When I was 12, I met someone who would soon become one of my best friends, at least for a season. Our story of friendship began when we attended the same youth group. Our shared passion of music and poetry bonded us together during some of the worst years of our lives. Throughout our teens we joined forces writing lyrics and playing guitar, talking about what we wanted in the future, and looking forward to what lay ahead for our lives.
When I was 22, the same girl who had once been my playmate and free-spirited confidant, entangled herself in a dangerous downward spiral of addiction. I would be lying if I said I was empathetic at the time. Since she didn't quite fit into my idea of what someone was supposed to be, I did the only thing I knew how to do then: I tried to change her.
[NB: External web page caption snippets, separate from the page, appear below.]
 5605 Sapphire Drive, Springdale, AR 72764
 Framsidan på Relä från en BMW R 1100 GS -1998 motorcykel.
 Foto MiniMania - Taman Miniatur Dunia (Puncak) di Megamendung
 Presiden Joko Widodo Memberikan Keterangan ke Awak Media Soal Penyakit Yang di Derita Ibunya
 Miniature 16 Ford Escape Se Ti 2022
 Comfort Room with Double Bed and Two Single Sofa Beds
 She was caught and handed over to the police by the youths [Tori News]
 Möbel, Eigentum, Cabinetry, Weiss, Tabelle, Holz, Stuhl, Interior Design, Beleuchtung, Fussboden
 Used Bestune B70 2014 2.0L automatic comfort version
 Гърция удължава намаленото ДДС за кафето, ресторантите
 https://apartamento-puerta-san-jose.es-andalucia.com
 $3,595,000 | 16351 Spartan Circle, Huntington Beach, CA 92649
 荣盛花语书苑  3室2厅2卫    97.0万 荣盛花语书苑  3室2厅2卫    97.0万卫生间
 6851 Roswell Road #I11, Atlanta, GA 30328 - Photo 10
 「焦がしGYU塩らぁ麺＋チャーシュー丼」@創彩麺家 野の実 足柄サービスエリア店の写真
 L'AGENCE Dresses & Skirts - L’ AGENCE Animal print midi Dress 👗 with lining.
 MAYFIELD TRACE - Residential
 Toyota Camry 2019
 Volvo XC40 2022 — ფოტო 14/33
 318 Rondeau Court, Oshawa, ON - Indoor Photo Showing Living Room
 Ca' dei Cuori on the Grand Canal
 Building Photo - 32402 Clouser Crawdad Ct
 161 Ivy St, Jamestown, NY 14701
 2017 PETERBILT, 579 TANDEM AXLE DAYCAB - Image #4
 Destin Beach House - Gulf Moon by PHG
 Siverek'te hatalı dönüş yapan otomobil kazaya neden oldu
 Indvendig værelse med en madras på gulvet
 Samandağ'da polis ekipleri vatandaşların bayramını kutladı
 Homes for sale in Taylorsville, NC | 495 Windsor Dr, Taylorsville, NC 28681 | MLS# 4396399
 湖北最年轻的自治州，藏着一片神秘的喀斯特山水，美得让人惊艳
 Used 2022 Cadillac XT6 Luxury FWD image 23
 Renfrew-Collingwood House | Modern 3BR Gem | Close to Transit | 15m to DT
I understood she was hurting, but what I couldn't understand is how she could be driven to go into harm's way for a high.
How could this girl be so selfish? I thought. How could she do this to her family? How could she do this to me?
I did the best thing at the time. I distanced myself and put limitations and conditions on our friendship. I judged her. But, really, what else can a naïve twenty-something do? I was ignorant of her suffering because I didn't understand addiction.
If I could go back in time, I'd wish my friend would have tried to change me. To oppose my criticism and help me understand her irrational one-track mind and the ache in her soul she sought so desperately to fill. I wish she would have told me what it means to be addicted.
I wish she would have argued louder than my judgmental glares, straight past my narrow-mind, until she collided head on with my deepest fear—that the friend I had found in her was gone. Sure, for a while she was. But I wish she would have told me that all she needed was a hug.
She may have not said it with words, but if I had listened more closely, I would have heard her plea for unconditional love in every self-destructive action. Every time she overdosed or took a hit, sold her body for drugs, or wandered homelessly in the streets just to be closer to a high, she was telling her loved ones what she really needed. I wish she would have told me it was nothing I said or did that caused her to be this way. I wish she would have told me she had a problem. But how could she feel safe with me if I only pushed her away to protect myself from hurting?
Eight years have passed and, by God's grace, my friend has been sober for over one year. Reconnecting with her has helped me understand more about addiction than judging her actions ever could. Finally, I know now what I wish I knew then all because I was able to see my friend as she is, not as something she isn't—someone who has to walk her own path to healing.